The moment Richard put his fingers into Billy’s pocket, Billy swung his right leg over with such speed and accuracy he caught Richard smack on his left cheekbone, driving him over. Billy’s next kick was a sharp blow with his left leg, the heel of his foot striking Richard squarely on the forehead. His arm went up and the pistol flew out of his hands and bounced off to the right.
In one swift motion, Billy was on his feet. Richard started to turn away, but Billy caught him with another kick in the left side and he collapsed face down. Smiling and confident now, Billy moved in slowly for the final fatal blow just under Richard Byron’s skull.
‘May the Lord welcome you with open arms,’ Billy said and lifted his leg.
One bullet zipped through Billy’s chest like a steel needle and thread. He felt it and looked down with surprise. When he raised his head, he just saw the two agents in the doorway an instant before the second bullet drilled through the center of his forehead. It circled his brain like some metal bug, chopping and chewing, and then he folded with the surprise of death, as if his entire skeletal structure had turned to jelly.
Richard groaned with the effort to sit up. One of the agents assisted him to his feet.
‘Easy, Mr Byron,’ he said.
‘Who the hell are you guys?’
The agent showed his identification.
‘Spaulding, FBI. My daughter send you?’ Richard asked immediately.
‘We had orders from Mr Connors directly sir. We don’t know how they were originated.’
‘Who is this guy?’ Richard asked, nodding at Billy’s corpse folded on the floor.
‘We don’t have that information,’ the other agent said, stepping up quickly.
The two agents looked at the trains.
‘Quite a set-up,’ Agent Spaulding said.
‘I bought my kid an electric train last year and it took me all damn day to get it hooked up right,’ the other agent said.

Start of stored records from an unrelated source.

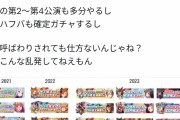 【悲報】ウマ娘さん集金がヤバすぎると話題にｗｗｗｗｗｗｗ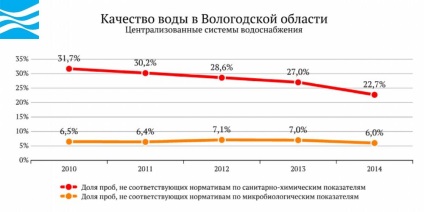 Apa Rusiei - regiunea Vologda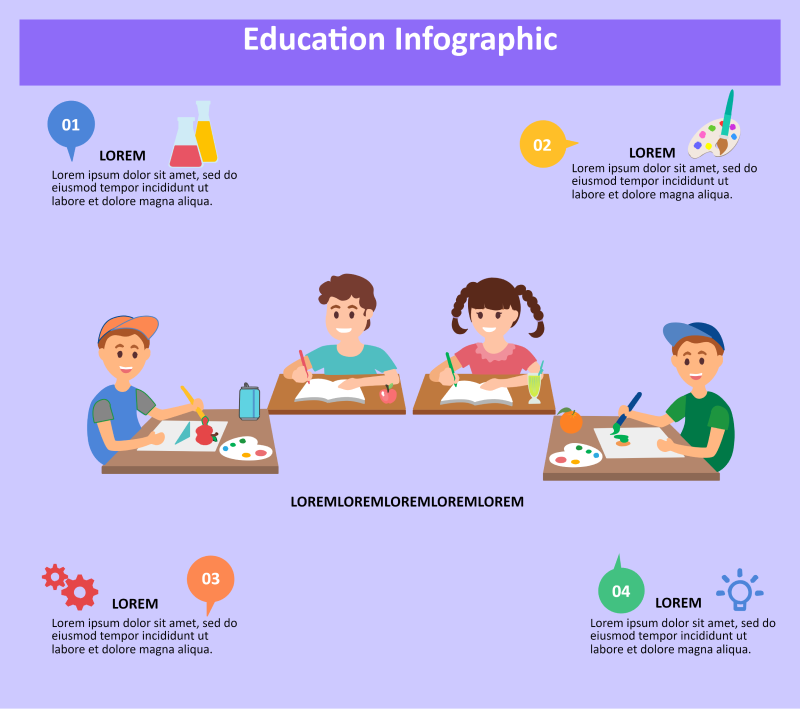 Infografik Bildung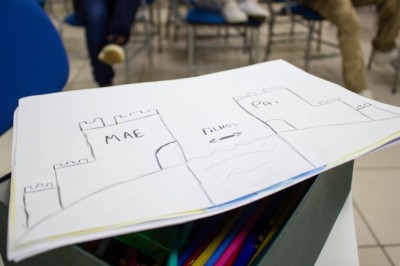 1ª Oficina de Parentalidade de 2025 reforça a importância do diálogo e da educação em direitos para famílias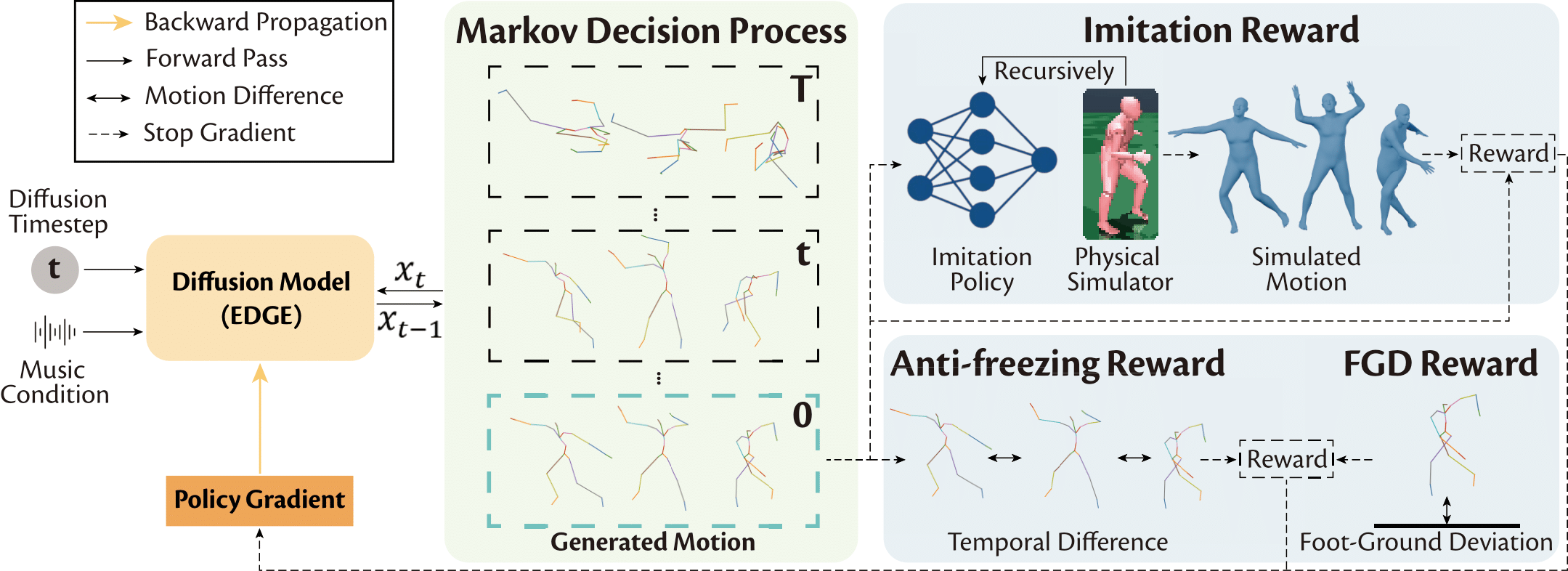 Skeleton2Stage: Reward-Guided Fine-Tuning for Physically Plausible Dance Generation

Neither seemed at all concerned about killing a man. Their coldness amazed Richard. It was as if they had just taken out a bag of garbage. Maybe that was the best attitude to have, he thought, and wondered if his daughter had become this hard, too. Having come within a hair of dying, he thought now about all the missed opportunities he had had to grow closer to Holland. Like some reformed smoker or alcoholic, he pledged to himself to change, to make an effort.
‘So we just killed an unknown man?’ Richard asked, snapping back to the here and now.
‘Someone knows him, sir,’ Spaulding said, smiling. ‘Or knew him, I should say.’
‘How did Connors know to send you guys over here now, just in time?’
‘Your guess would be as good as ours, sir,’ the other agent said.
‘Times they are a changing,’ Richard muttered. He looked at Billy again. ‘Do you mind?’ he asked them.
Neither said anything, so he knelt beside the body and felt for a wallet.
‘I doubt he carried any identification, Mr Byron,’ Spaulding said.
Richard tossed them a wallet, but threw it so that they both turned away, and in that instant he pulled out Billy’s cell phone and inserted it in his own pocket.
Spaulding looked at the wallet and laughed.
‘What’s so funny?’
‘Someone has quite a sense of humor,’ Spaulding said, handing Richard the wallet. He opened it and looked at the driver’s license. The address listed was in Casablanca.
‘We just killed Humphrey Bogart,’ Spaulding said.